A tough local and global economic climate, soft consumer confidence and a strong Australian dollar also resulted in spend being lured away from the local market.
GfK identifies the Telecommunications (+19 percent) and IT (+2) sectors as almost offseting the value declines in the market.
The 19 percent decline in the value of the Photo sector (Q1 2011 Vs Q1 2012) is seen in a somewhat positive light by GfK, as it was less than the 23 percent experienced in the final quarter of 2011 compared to Q4, 2010 (‘the outlook has improved slightly’).
On to other categories, GfK further noted that minor levels of price erosion across the Major Domestic Appliances sector resulted in revenue decline of 1.3 percent for the quarter, while the unseasonably cool summer did no favours for the Small Domestic Appliances sector, also dropping just over 1 percent in revenue.

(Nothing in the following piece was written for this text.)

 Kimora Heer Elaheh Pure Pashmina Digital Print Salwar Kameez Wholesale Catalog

Compact system cameras continued their strong volume growth with 30 percent more selling this quarter than in Q1, 2011. In spite of continued volume growth of DSLR models, compact system camera volume share of the changeable lens segment grew to 15 percent (up from 12 percent in Q1 2011).

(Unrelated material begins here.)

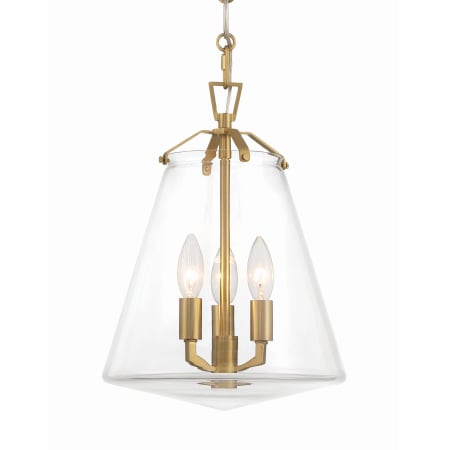 A large image of the Crystorama Lighting Group VSS-7004 Luxe Gold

This performance was helped by more players and more models, with 9 brands actively selling 34 models of compact system cameras during the quarter compared to just 6 brands selling 18 models during the same period last year.

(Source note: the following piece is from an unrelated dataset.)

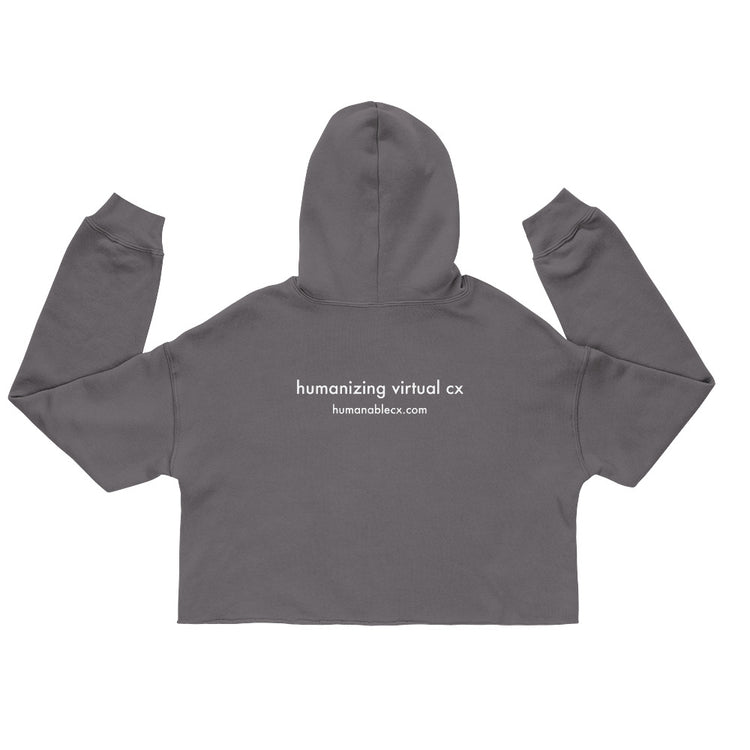 HumanableCX Crop Hoodie (Front & Back)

Within the fixed lens camera segment – the hardest hit in the Photo sector in recent times – some positive movements can also be found. Fixed lens cameras with zoom capability of greater than 15x have grown by 36 percent in volume.
While this growth is offset by falling sales in other segments of the compact market, with their higher average price, these high-zoom cameras now represent 23 percent of all value generated by the fixed lens camera market (up from just 9 percent in Q1, 2011).
With smartphones now out-selling mobile phones at a rate of 3 to 1, it appears that consumers have been upgrading from one smartphone to another, fuelling the continued growth of the segment. Despite strong double-digit growth, however, the segment is beginning to show signs of maturity, with the rate of growth slowing significantly since Q4, 2011.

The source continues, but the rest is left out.